**Exercise prompt:**
Wherever the string "BLACK" shows up in the data below, copy the whole line.
>>>>
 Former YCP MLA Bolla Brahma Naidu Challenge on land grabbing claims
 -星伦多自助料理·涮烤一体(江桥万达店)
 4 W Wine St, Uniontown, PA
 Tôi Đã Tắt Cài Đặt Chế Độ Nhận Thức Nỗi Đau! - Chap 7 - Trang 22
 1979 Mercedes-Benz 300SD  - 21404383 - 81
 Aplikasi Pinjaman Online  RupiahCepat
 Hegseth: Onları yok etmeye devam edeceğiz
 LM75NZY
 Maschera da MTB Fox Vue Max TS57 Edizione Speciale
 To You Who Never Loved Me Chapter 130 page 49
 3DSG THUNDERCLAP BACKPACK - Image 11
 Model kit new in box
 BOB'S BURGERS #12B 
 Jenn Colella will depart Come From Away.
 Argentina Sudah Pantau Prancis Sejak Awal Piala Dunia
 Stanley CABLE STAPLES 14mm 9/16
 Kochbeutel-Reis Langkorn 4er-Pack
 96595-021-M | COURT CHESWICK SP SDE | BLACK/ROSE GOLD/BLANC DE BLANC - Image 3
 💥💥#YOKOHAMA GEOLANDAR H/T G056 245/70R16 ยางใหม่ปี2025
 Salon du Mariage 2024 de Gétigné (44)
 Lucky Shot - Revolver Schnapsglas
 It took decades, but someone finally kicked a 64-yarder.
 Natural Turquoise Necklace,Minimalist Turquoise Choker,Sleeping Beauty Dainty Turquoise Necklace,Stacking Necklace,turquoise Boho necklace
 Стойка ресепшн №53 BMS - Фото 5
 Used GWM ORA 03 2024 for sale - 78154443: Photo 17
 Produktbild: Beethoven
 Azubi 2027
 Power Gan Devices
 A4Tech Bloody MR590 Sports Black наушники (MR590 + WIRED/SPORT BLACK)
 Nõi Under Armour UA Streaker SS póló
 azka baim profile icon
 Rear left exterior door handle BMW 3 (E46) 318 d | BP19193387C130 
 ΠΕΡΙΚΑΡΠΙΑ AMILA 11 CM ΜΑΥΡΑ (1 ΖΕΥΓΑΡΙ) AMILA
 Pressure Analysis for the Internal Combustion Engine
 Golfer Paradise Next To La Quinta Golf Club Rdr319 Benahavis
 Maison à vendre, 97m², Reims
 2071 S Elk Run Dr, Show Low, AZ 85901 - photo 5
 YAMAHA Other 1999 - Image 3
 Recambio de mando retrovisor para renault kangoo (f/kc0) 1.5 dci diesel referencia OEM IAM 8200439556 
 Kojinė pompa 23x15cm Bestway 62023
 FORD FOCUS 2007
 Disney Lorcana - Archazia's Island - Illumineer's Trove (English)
<<<<
**Reply to the exercise:**
 96595-021-M | COURT CHESWICK SP SDE | BLACK/ROSE GOLD/BLANC DE BLANC - Image 3
 A4Tech Bloody MR590 Sports Black наушники (MR590 + WIRED/SPORT BLACK)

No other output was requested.